Second, governments (Liberal and Labor) and regulators who have spent the past 30 years creating and cultivating an oligopoly in Australia in financial services need to seriously reconsider.  Barriers need to be imposed on large financial institutions to reduce their ability to user their existing market power to compete.  This may include allowing international institutions into the market and creating an “un-level” playing field so new FinTech players such as Raiz, which can fill some of the gaps left as advisors leave the market.  I am talking my own book here.

Thirdly, in certain areas of the financial system, people must participate; banking, insurance and superannuation are three of the most obvious. These institutions have guaranteed markets, especially superannuation, where every working Australian is a conscript, not a volunteer.

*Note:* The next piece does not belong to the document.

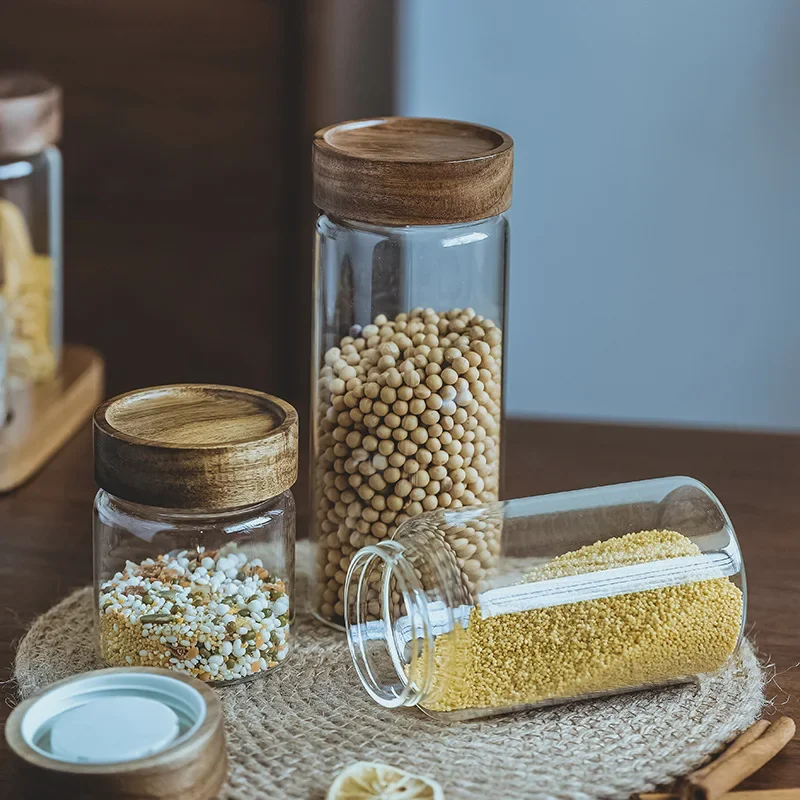 Wood Lid Orgnizer Glass Airtig - đánh giá và giá Food Storage Jars With Lids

Any institution that compulsorily gets nearly 10% of your weekly wage needs to operate to an ethical standard that’s the polar opposite of a mafia don. There can be no excuses. People who hand over part of their salaries to an industry/retail/public sector/corporate super fund, supposedly to give them some financial security in retirement, should not have to wonder whether that money is being invested in a fiducial manner that considers their best interests. It should be holy writ, and institutions who fail to do should feel the full force of the law. If the Royal Commission at least achieves that end, then it will have been worthwhile.